Shouldn't they be passed then to the custom target MI expander as it is
done for all other instructions? Would it make sense to always check
during the insertion of an MI into a BB if it is a
usesCustomDAGSchedInserter marked MI and if yes call a target-specific
expander for it?
2) Introduce a fake register allocation pass and make it require an
f64toi32 pass as a pre-requisite. And basically call an existing
register allocator like in this code?
namespace {
static RegisterRegAlloc
TargetXRegAlloc("targetx", " targetx register
allocator",
createTargetXRegisterAllocator);
struct VISIBILITY_HIDDEN RA : public MachineFunctionPass {
private:
MachineFunctionPass *RealRegAlloc;
public:
RA()
{
// Instantiate a real allocator to do the job!

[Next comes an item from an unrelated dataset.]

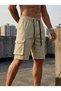 Men Heavyweight Cargo Shorts With Drawstring - 4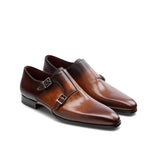 Flat Feet Shoes - Tan & Brown Leather Ballina Monk Straps Shoes with Arch Support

RealRegAlloc (MachineFunctionPass*)(createLinearScanRegisterAllocator());
}
virtual const char* getPassName() const {
return "TargetX Register Allocator";
}
virtual void getAnalysisUsage(AnalysisUsage &AU) const {
// Add target specific pass as a requirement
AU.addRequired<f64toi32pass>();
// Reuse all requirements from the real allocator
RealRegAlloc->getAnalysisUsage(AU);
}
/// runOnMachineFunction - register allocate the whole function
bool runOnMachineFunction(MachineFunction&);
};
}
bool RA::runOnMachineFunction(MachineFunction &fn) {
return RealRegAlloc->runOnMachineFunction(fn);
}
FunctionPass* llvm::createTigerRegisterAllocator() {
return new RA();
}
Looks fine and pretty obvious, but it does not work. When
runOnMachineFunction is invoked, I get the error, which I don't quite
understand. Why do I get it at all?
AnalysisType& llvm::Pass::getAnalysis() const [with AnalysisType
llvm::LiveIntervals]: Assertion `Resolver && "Pass has not been
inserted into a PassManager object!"' failed.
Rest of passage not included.